Adoro-vos para sempre.

21 de junho de 2021

Há tanto tempo atrás, nos tempos primitivos do meu ser, eu fui a mesma, mas um pouco menos vincada. Fui pondo os pés no espaço, esperando que se me fossem impostos limites, e alguns foram. Foram algumas vezes mãos pesadas na minha cara, e a sensação de que não era propriamente justo. Eu era atenta o suficiente para conter os meus impulsos e arrumar-me num lugar onde não incomodasse ninguém - para quê estas descargas emocionais? Eu na realidade muito cedo fui colecionando motivos, levantava-me à noite, no patamar superior das escadas, e ficava a ouvir os meus pais a gritar um com o outro. Lamentava que estivessem tão infelizes, não queria ser mais um motivo para contribuir para as suas preocupações- afinal, eles eram tudo o que eu conhecia... 

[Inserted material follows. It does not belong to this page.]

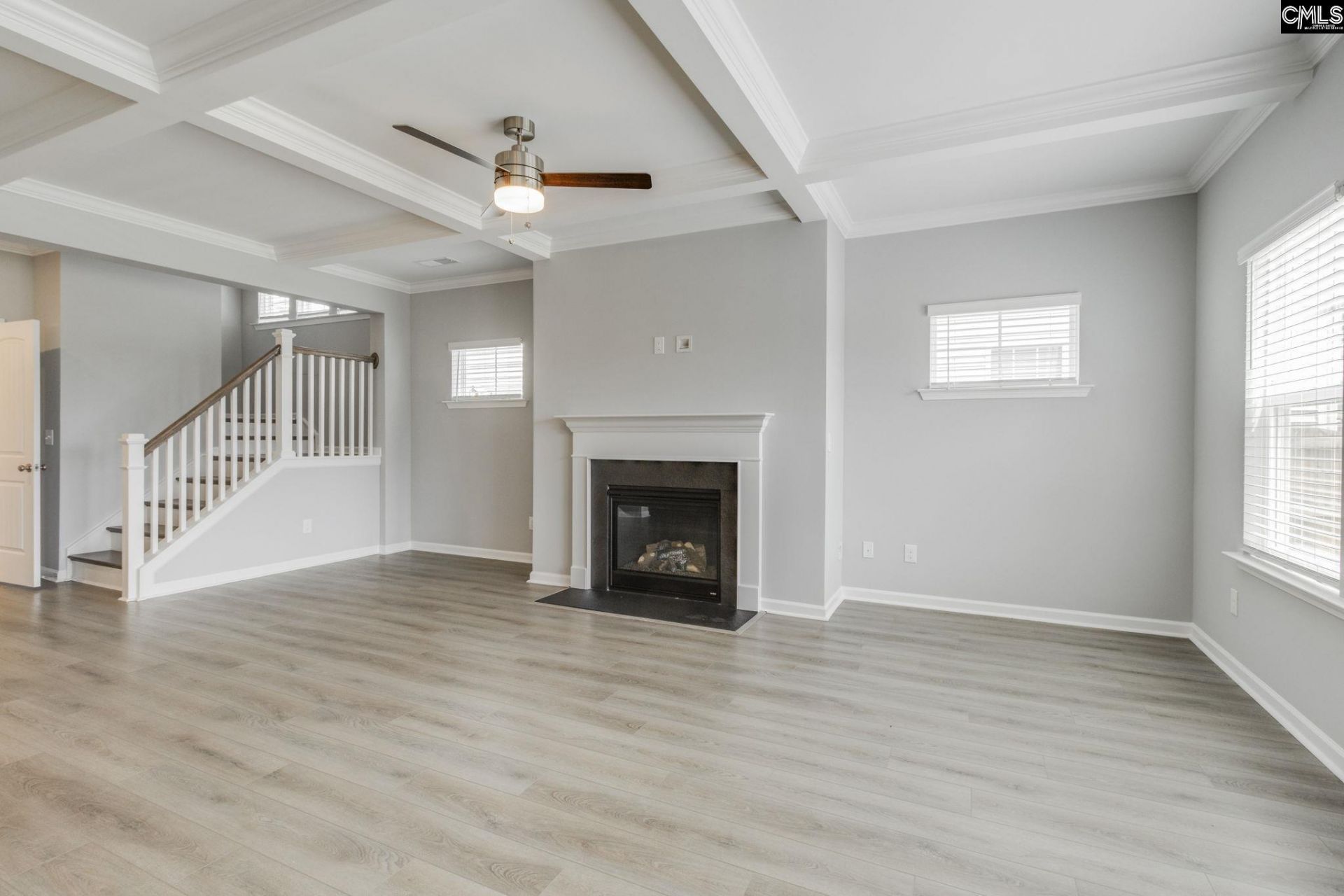 916 Appian Way Photo 16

 Assim, sacrifiquei a menina que eu era, e dei a mão às minhas capacidades intelectuais afirmando-me assim, por modelagem fraterna. Efetivamente encontrei uma forma funcional de me desenvolver longe de chapadas na cara. Na tradição do que sou, a eterna dificuldade em afirmar o que sinto como coisa válida, pelo facto de o ser. A contenção de impulsos, urano a fervilhar lá em baixo - debaixo desta aparência de Poeta Virtuoso do século XIX. Mão atrás das costas - faço tudo o que quiseres. Mas cuidado, por detrás dele a personagem secundária é muito mais tirana, violenta, capaz de aniquilar - ela que grita que não é justo, enquanto destrói a tua vida. Se tivéssemos de reduzir estas personagens, iriamos até à unidade emocional na qual se condensam, a raiva e a tristeza. E se fossemos ampliar até ao conceito mais alargado, encontramos Neptuno e Úrano no fundo do meu céu. Tristeza sem raiva é apatia, depressão. Raiva sem tristeza, fica somente tirania. A tristeza trouxe a idealização, universo onírico onde eu podia criar uma outra realidade, criatividade para pensar outra coisa. Raiva trouxe ação, incapacidade de resignação, vontade de superar. Não sou só a mesma, ao serviço dos meus sonhos ponho o meu passado, potencial fecundado a partir das adversidades.